本文从这五个维度逐一展开,每个模块都附带可直接复用的代码和最佳实践。
🎯 第一章:精度测试 — 算子的"合格证"
精度测试是算子验证的基石,核心目标是量化自定义 CUDA/Triton 实现与参考实现(如 PyTorch)之间的数值差异,并判定是否在可接受范围内。
1.1 核心度量指标
Cosine Similarity(余弦相似度)
衡量两个输出张量在方向上的相似度,对整体偏移不敏感,适合检测形状正确但局部数值偏差的场景。
import torch
def cosine_similarity(a: torch.Tensor, b: torch.Tensor) -> float:
a_flat = a.flatten().to(torch.float64)
b_flat = b.flatten().to(torch.float64)
dot = torch.dot(a_flat, b_flat)
norm = torch.norm(a_flat) * torch.norm(b_flat)

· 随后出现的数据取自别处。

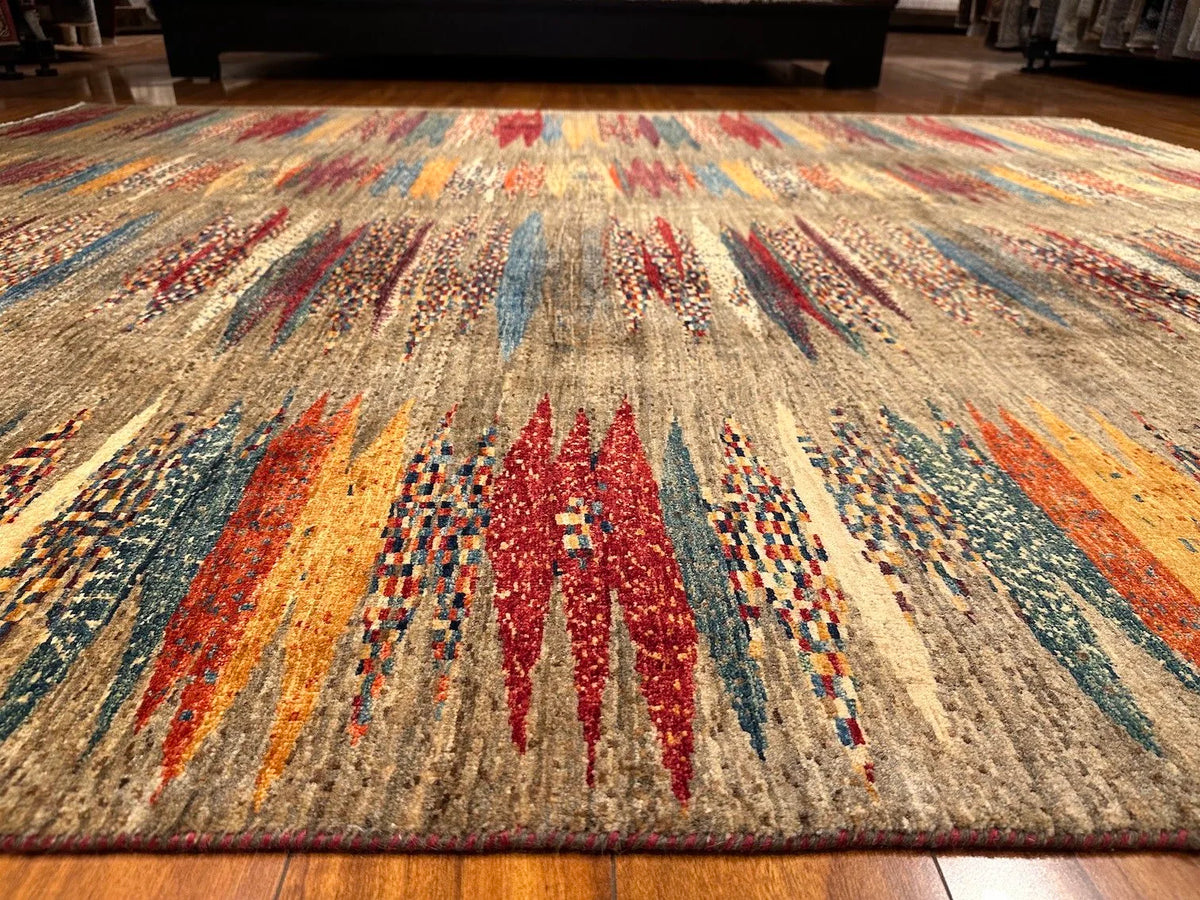 8'2"x9'9" Luri, Modern
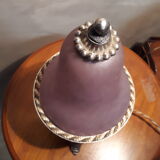 Lampe de chevet sur pied en regule avec tulipepate de verre pourpre violet leger
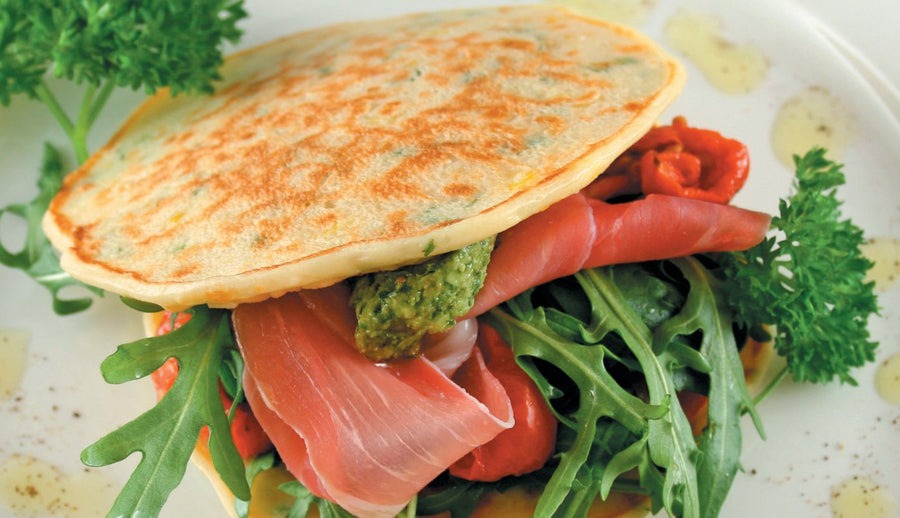Hartige pannenkoekjes met parmaham en pesto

return (dot / norm).item()
- 判定标准:FP32 下
cos >= 0.9999通常可接受;BF16/FP16 下可放宽至0.999。 - 局限:对整体幅度缩放不敏感(如
out = 2 * ref仍可能有高余弦值),需配合其他指标使用。
PSNR(Peak Signal-to-Noise Ratio)
def psnr(ref: torch.Tensor, out: torch.Tensor, max_val: float = 1.0) -> float:
mse = torch.mean((ref.to(torch.float64) - out.to(torch.float64)) ** 2).item()
if mse == 0:
return float('inf')
return 10 * torch.log10(torch.tensor(max_val ** 2 / mse)).item()

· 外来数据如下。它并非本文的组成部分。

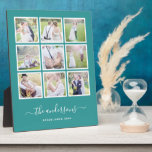 Placa Expositora Guión de color de fondo editable<br><div class="desc">Plaque fotográfico con 9 fotos cuadradas dispuestas en un diseño de cuadrícula cada una con un borde blanco alrededor de ellas en un color de fondo editable (haga clic en personalizar para cambiar el color de fondo). También puede añadir el nombre de su familia en una elegante fuente caligráfica y...</div>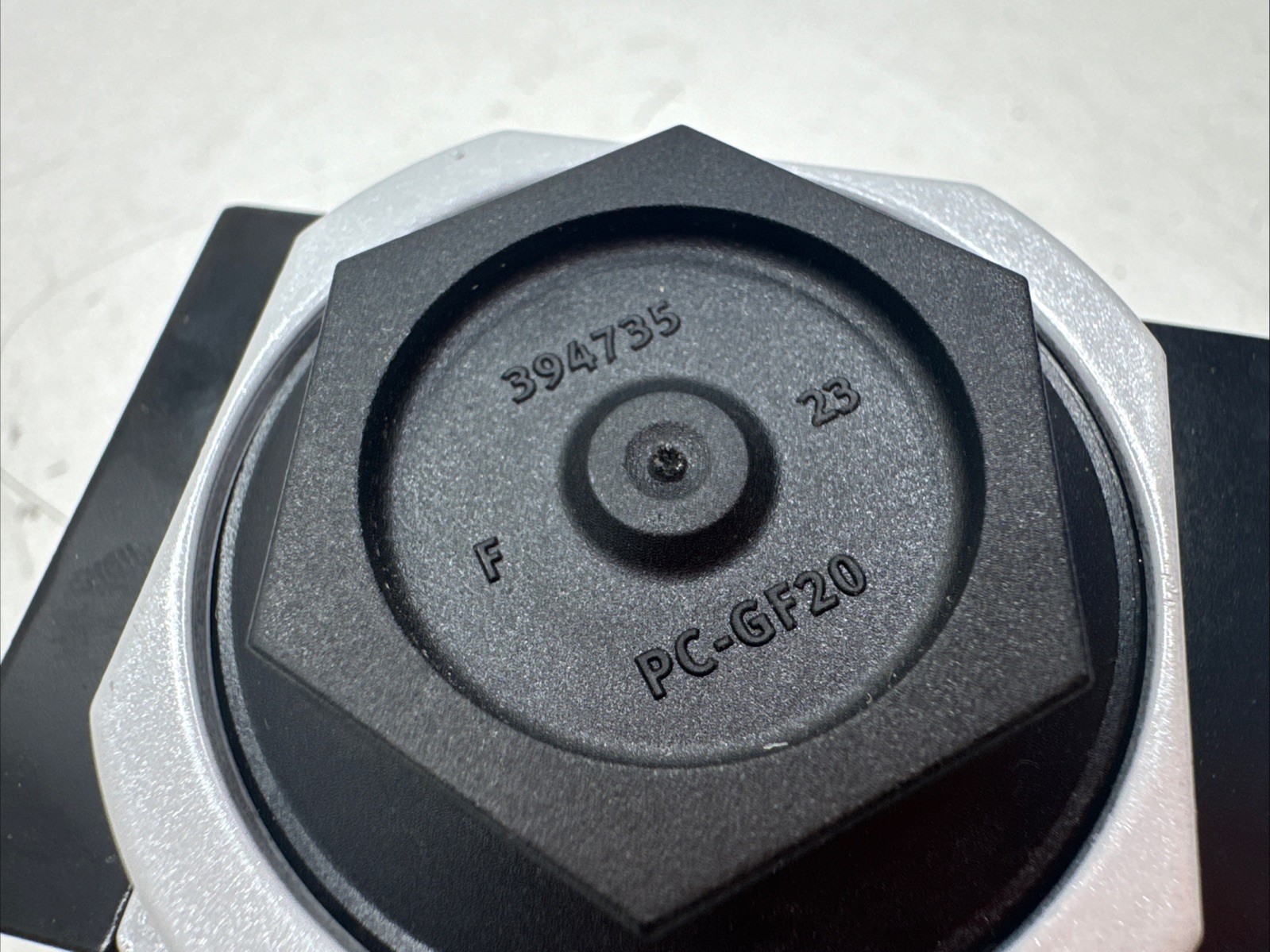 Festo LR-D-MIDI P743 / LR-3/8-D-MIDI-NPT / 173656 Pressure Regulator with Gauge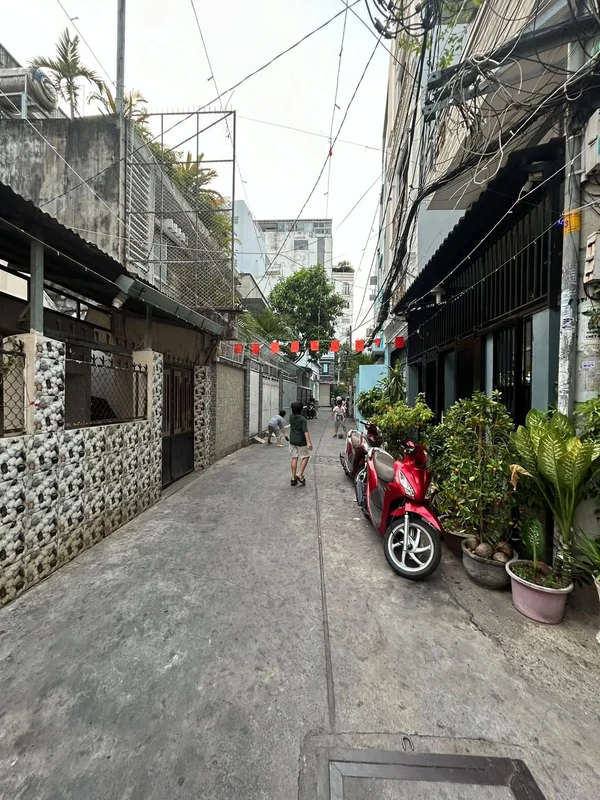 Bán nhà cấp 4 72m² đường Nguyễn Văn Lượng, gần CityLand, Gò Vấp, giá 4,39 tỷ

- 经验阈值:> 60 dB 优秀,40-60 dB 可接受,< 40 dB 需排查。
MSE(Mean Squared Error)
def mse(ref: torch.Tensor, out: torch.Tensor) -> float:
return torch.mean((ref.to(torch.float64) - out.to(torch.float64)) ** 2).item()
Max Relative Error(最大相对误差)
def max_relative_error(ref: torch.Tensor, out: torch.Tensor) -> float:
ref_f64 = ref.to(torch.float64)
out_f64 = out.to(torch.float64)
abs_err = torch.abs(out_f64 - ref_f64)
abs_ref = torch.abs(ref_f64)
mask = abs_ref > 1e-12
if mask.any():
return (abs_err[mask] / abs_ref[mask]).max().item()
return abs_err.max().item()
ULP-Based Comparison(基于 ULP 的比较)
ULP(Unit in the Last Place) 是衡量浮点误差最精细的方式,表示两个浮点数之间相隔多少个可表示值。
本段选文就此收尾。